• What the task asks
Output exactly the lines of the listing below that run from the line with "Tolsen Metal Grinding" through the line with "Cute elephant in". No pictures.

• Records for this exercise
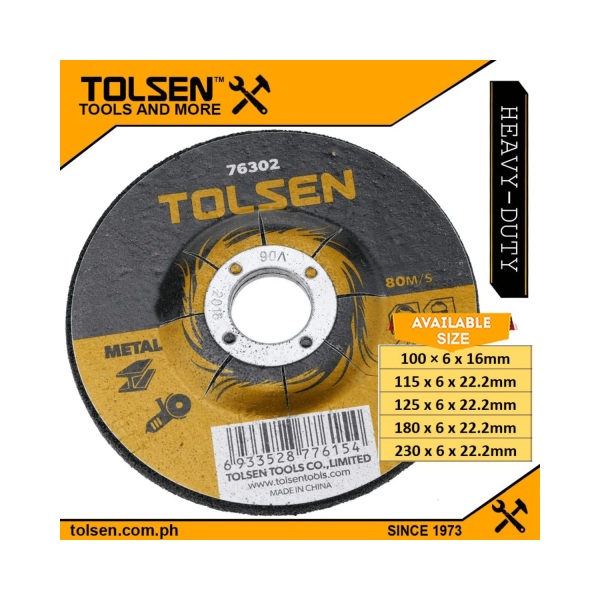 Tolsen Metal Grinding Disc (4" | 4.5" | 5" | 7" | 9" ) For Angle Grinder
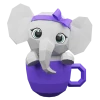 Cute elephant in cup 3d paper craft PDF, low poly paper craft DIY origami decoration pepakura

--

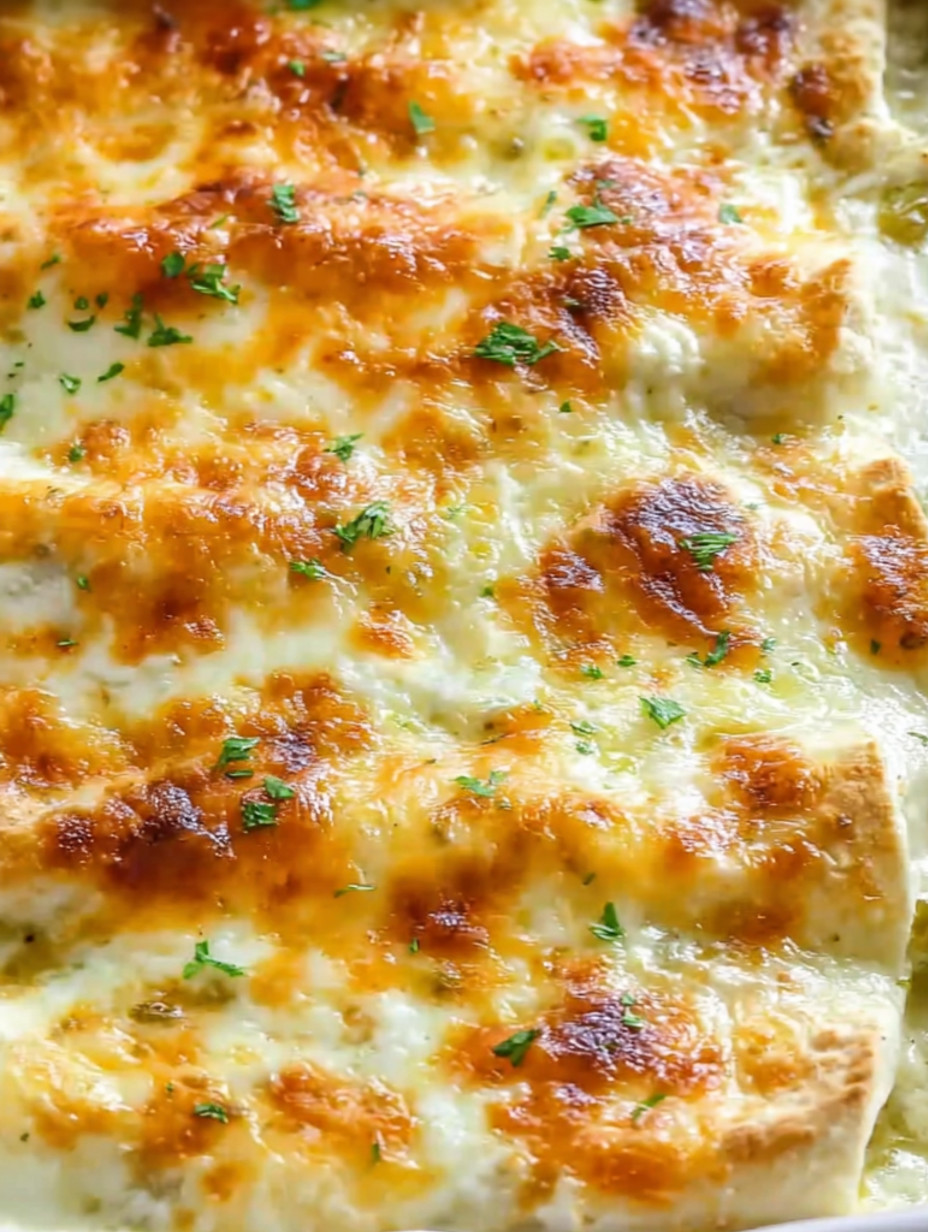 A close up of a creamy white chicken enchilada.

* * *

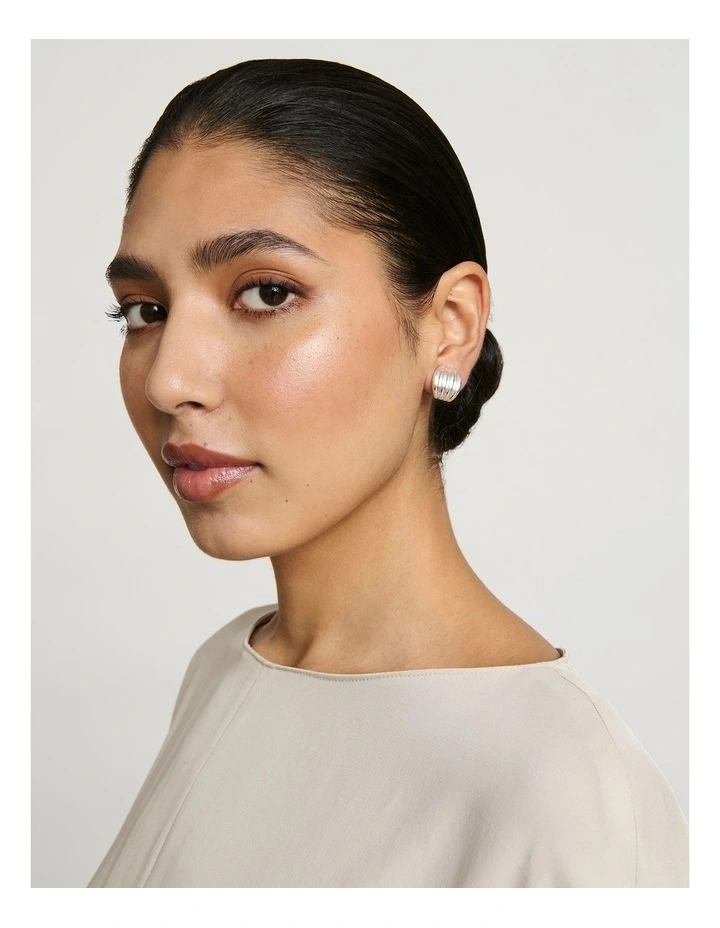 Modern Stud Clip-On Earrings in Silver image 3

• Problem solution
 Tolsen Metal Grinding Disc (4" | 4.5" | 5" | 7" | 9" ) For Angle Grinder
 Cute elephant in cup 3d paper craft PDF, low poly paper craft DIY origami decoration pepakura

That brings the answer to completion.